Vent sump pressure through the bleed valve and verify 0 psi at the gauge before opening any fluid line. Sump fluid is hot under load — let cool 30 minutes minimum.

Tools
  • Coupling alignment dial set or laser
  • Bearing puller / induction heater
  • Oil-analysis sample bottle (kept for trend)
  • Inlet valve rebuild kit per OEM
  • Torque wrench up to 150 ft-lb
Parts
  • Coupling element (rubber spider or steel grid)
  • Inlet/blowdown valve rebuild kit
  • Shaft seal (if leaking)
  • Sump fluid charge (OEM-spec coolant)
  • Air/oil separator element
  • Coalescing oil filter
  • Inlet air filter
Procedure
  1. 1
    Pre-shutdown sample

    Pull a hot oil sample for analysis before shutdown — wear-metal trend tells you whether to expect bearing work this PM cycle.

  2. 2
    LOTO and vent

    E-stop, open disconnect, LOTO. Open the manual blowdown until the sump gauge reads 0 and you hear no whoosh from the separator vent.

  3. 3
    Drain fluid and filter changes

    Drain sump warm (~100°F) for full evacuation.
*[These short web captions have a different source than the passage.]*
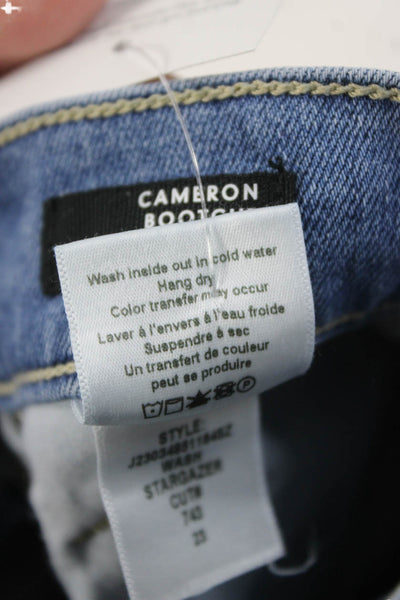 Veronica Beard Unisex Bootcut Jeans Blue High Rise Button Cotton Size 23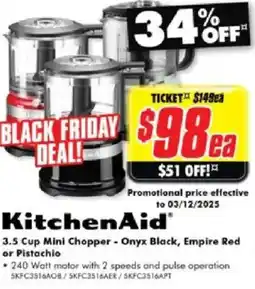 The Good Guys KitchenAid 3.5 Cup Mini Chopper - Onyx Black, Empire Red or Pistachio offer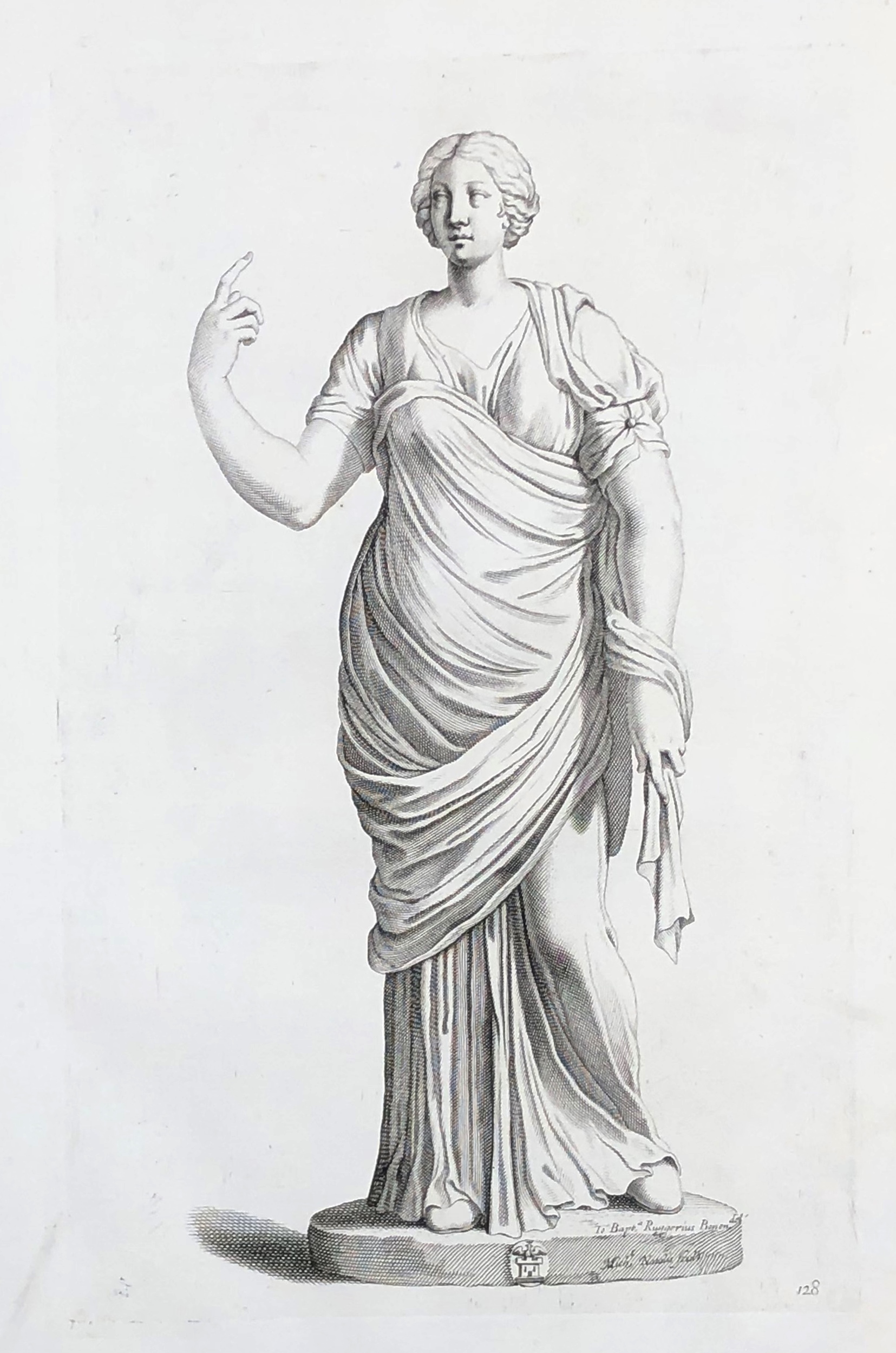 (Statue of a standing woman with one arm raised) - woman / Frau / femme ...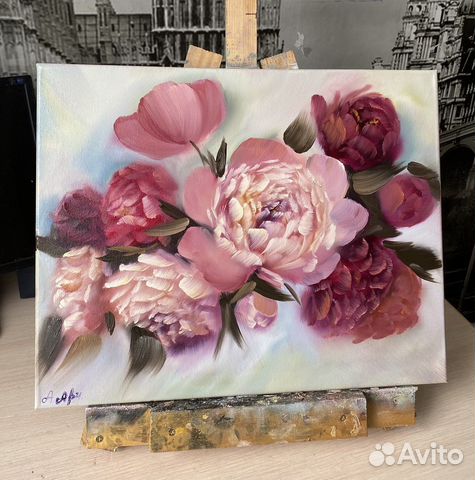 Картина маслом «Цветы пионы»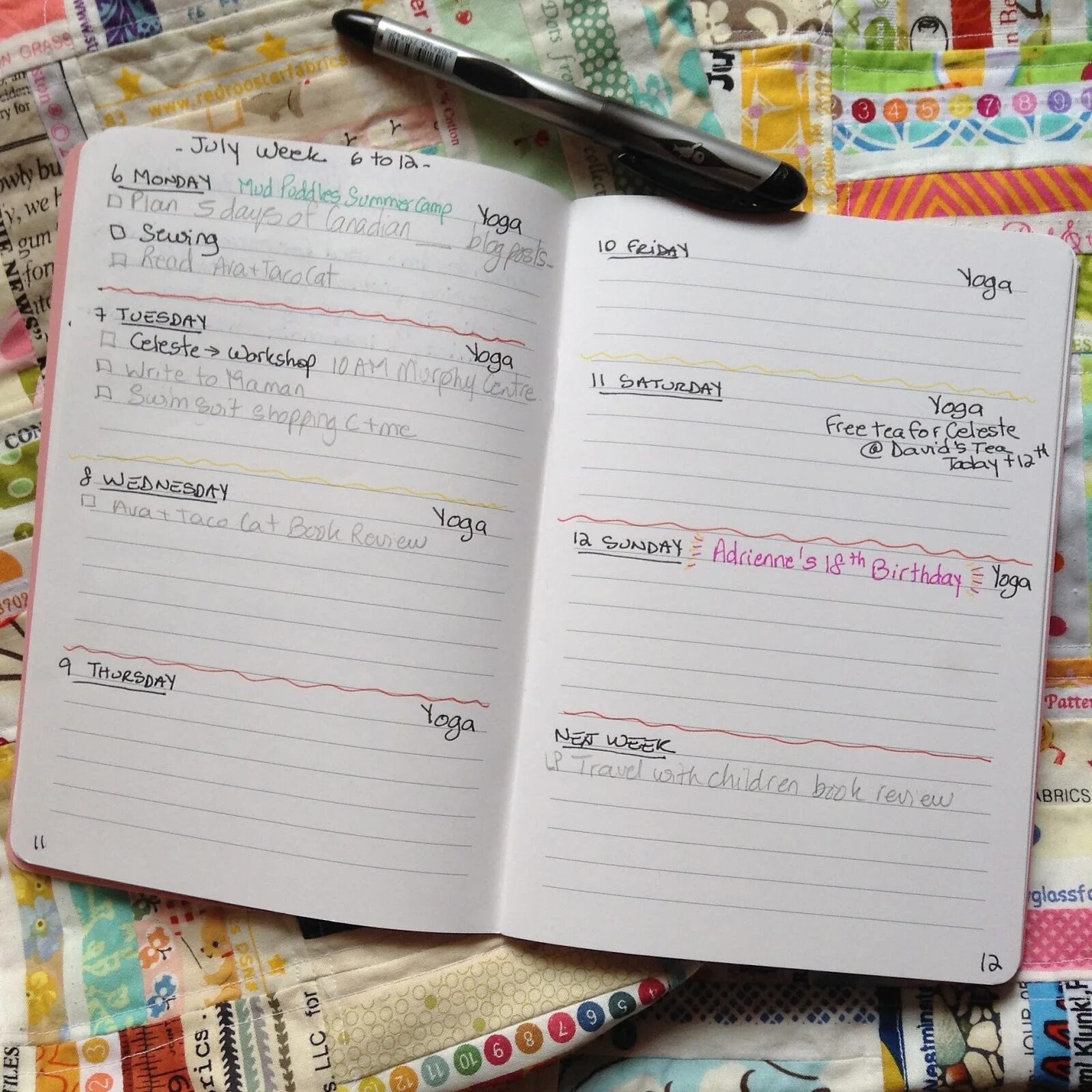 Week journal. Weekly journal.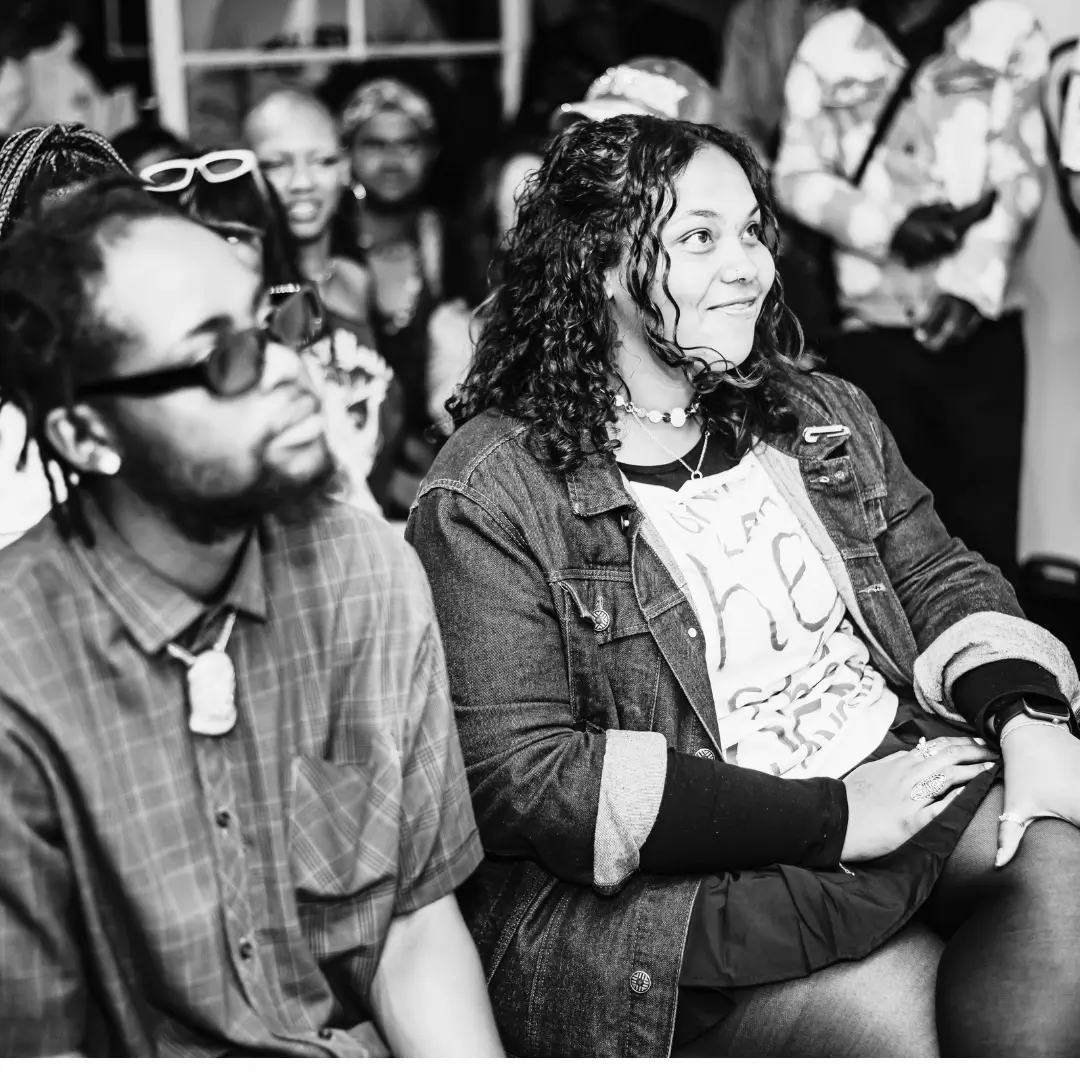 Crowd at Mamakashaka - poetry in Johannesburg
Replace oil filter, separator element (torque to OEM spec — over-torque crushes the seal), and inlet filter.

  4. 4
    Inlet/blowdown valve service

    Pull the inlet valve, replace diaphragm or piston seals per OEM kit. Check the blowdown solenoid filter and the orifice — blocked orifice = sump won't depressurize on stop.

  5. 5
    Coupling inspection

    Pull the coupling guard. Inspect the spider (rubber): any cracking, missing legs, or set means replace. For grid couplings, inspect the grid for fatigue and the housing for wear.

  6. 6
    Bearing condition check

    With the airend stopped, rotate by hand at the male shaft (some units have a turning lug). Listen and feel for roughness. Vibration baseline: take ISO 10816 readings before and after — rising trend = bearing work next PM.

  7. 7
    Shaft seal inspection

    Any visible fluid streaks below the airend shaft seal = replace. A weeping seal on a flooded screw means contaminated coupling and risk of rust on the motor shaft.

  8. 8
    Refill and bump

    Refill sump to top of sight glass with OEM-spec coolant — do not mix brands or chemistries. Bar over by hand if accessible.

  9. 9
    Realign coupling

    Set dial or laser alignment to OEM spec (commonly ≤0.002" parallel, ≤0.0005"/in angular). Recheck after 24 h of operation — soft-foot and thermal growth often show up overnight.

  10. 10
    Commissioning run

    Start, run unloaded 10 min, then loaded. Verify sump pressure builds to setpoint, discharge temp stabilizes (typ. 180–200°F), and amp draw is within nameplate.

  11. 11
    Post-PM sample and log

    Pull a fresh oil sample 50 hours after PM as a new baseline. File alignment readings, vibration baseline, and amp draw in the unit PM record.